I had to make a new mounting plate to fit it.

There are photos of my CNC conversion at http://plsntcov.8m.com/CNClathe/CNClathe1.html


----------



## AllThumbs (Dec 5, 2010)

I have the same lathe and also put a VFD and 3 phase 1/2 HP motor on it. I love it. The DC motor conversion is not as good. No torque at low speeds and poor speed control at all speeds (slows down a lot under load compared to a AC motor and VFD)

VFD stands for Variable Frequency Drive

The other cool thing about a VFD is you can over speed the motor. This allows a low gear ratio and still get decent spindle speeds. I run my 1750 RPM motor up to 3500 RPM with the VFD no problems so far.

I have done this conversion to both my Milling machine and Lathe.

Eric


----------



## AllThumbs (Dec 5, 2010)

[ame]http://www.youtube.com/watch?v=gPA6kHWjUlw[/ame]


----------



## AllThumbs (Dec 5, 2010)

Pat J  said:
			
		

> I have seen a lot of large 3-phase VFD's on pump motors, used for energy savings.
> These were 3-phase input, 3-phase output arrangements.
> 
> Can you put a 3-phase motor on a lathe, and add a VFD that has a 220V single-phase input and a 3-phase output? Is there such an animal?
> ...



Almost all VFD's accept both single and 3 phase input, and all are 3 phase output. If you connect a 3 phase (input) VFD to single phase, you need to derate it by 30%. In other words, a 3 HP VFD can only run a 2 HP motor if it's connected to single phase input.


----------



## Stan (Dec 5, 2010)

> The DC motor conversion is not as good. No torque at low speeds and poor speed control at all speeds (slows down a lot under load compared to a AC motor and VFD)

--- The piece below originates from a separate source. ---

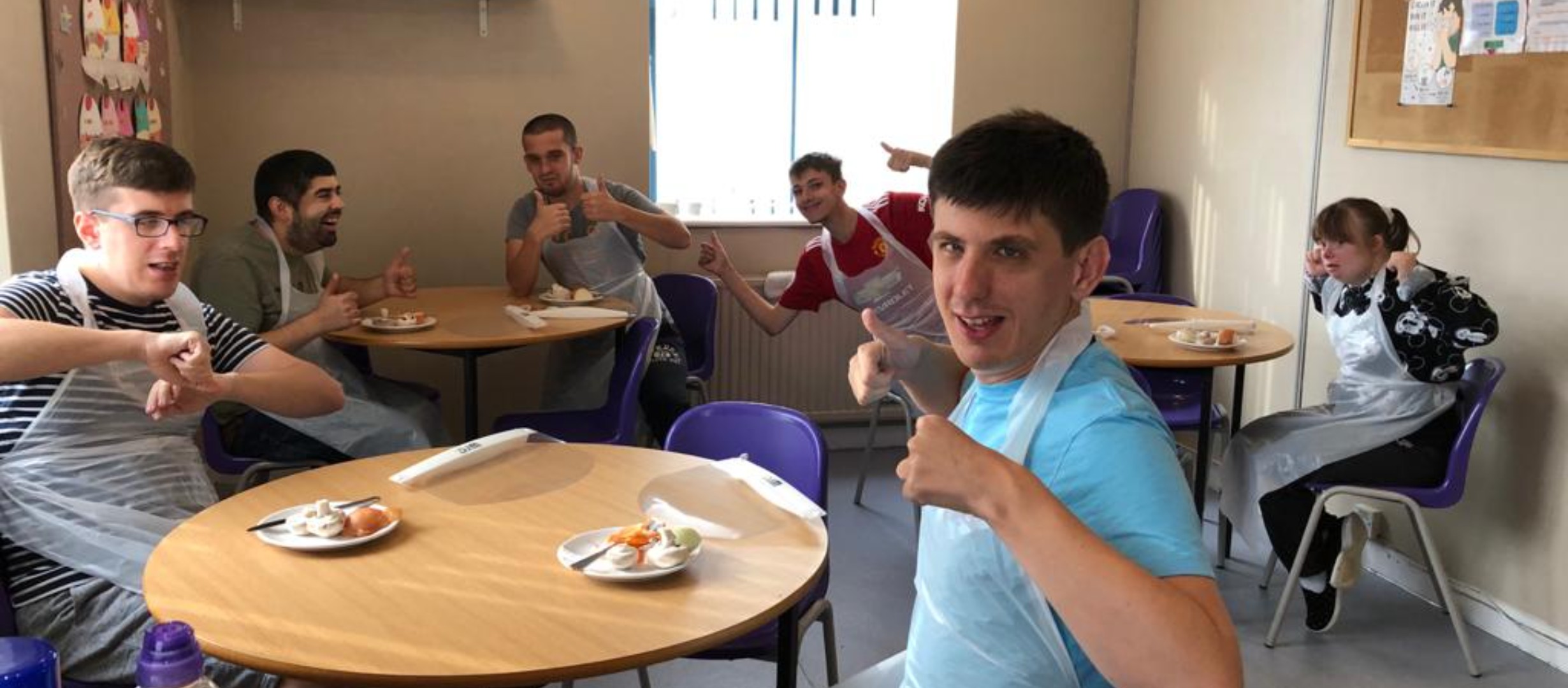young adults sitting at tables holding their thumbs up to camera with their lunch on the tables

A DC motor is a constant torque motor at all speeds. Like all motors, HP drops with speed unless you overcurrent the motor, whether AC or DC. The purpose of a DC motor controller is to supply constant current at all voltage levels so that speed is controlled while torque is held constant.

I have been using a matched pair (motor and control) of industrial quality for more than fifteen years on two different Logan lathes. The only advantage of the VFD system is cost and I believe even that is marginal if you get the same features such as speed and torque feedback and dynamic braking.


----------



## briankenyn (Dec 5, 2010)

Many thanks to all,

The VFD is far and away from what I was thinking, and a three phase solution was the furthest thing from my mind. On further inspection, it seems that the terminal block burnt up, opening up the circuit. 
I am sold on the VFD approach, particularly since it seems to deal with so many of the problems that normally crop up with the DC motor. I think I'll start hunting for the motor and VFD for Christmas!

Many thanks again.


----------



## AllThumbs (Dec 5, 2010)

Stan  said:
			
		

> A DC motor is a constant torque motor at all speeds. Like all motors, HP drops with speed unless you overcurrent the motor, whether AC or DC. The purpose of a DC motor controller is to supply constant current at all voltage levels so that speed is controlled while torque is held constant.
> 
> I have been using a matched pair (motor and control) of industrial quality for more than fifteen years on two different Logan lathes. The only advantage of the VFD system is cost and I believe even that is marginal if you get the same features such as speed and torque feedback and dynamic braking.



All I am saying is an AC motor will have better speed regulation than a DC motor, assuming neither has feedback to the drive.


----------



## AllThumbs (Dec 5, 2010)

A DC motor will produce much more torque at low speed than an AC motor. In order to do it at a predictable speed you need feedback from the motor to the drive. Few low end DC drives or motors have provisions for this. A DC motor with feedback and a matching drive would be the cats meow for a spindle drive.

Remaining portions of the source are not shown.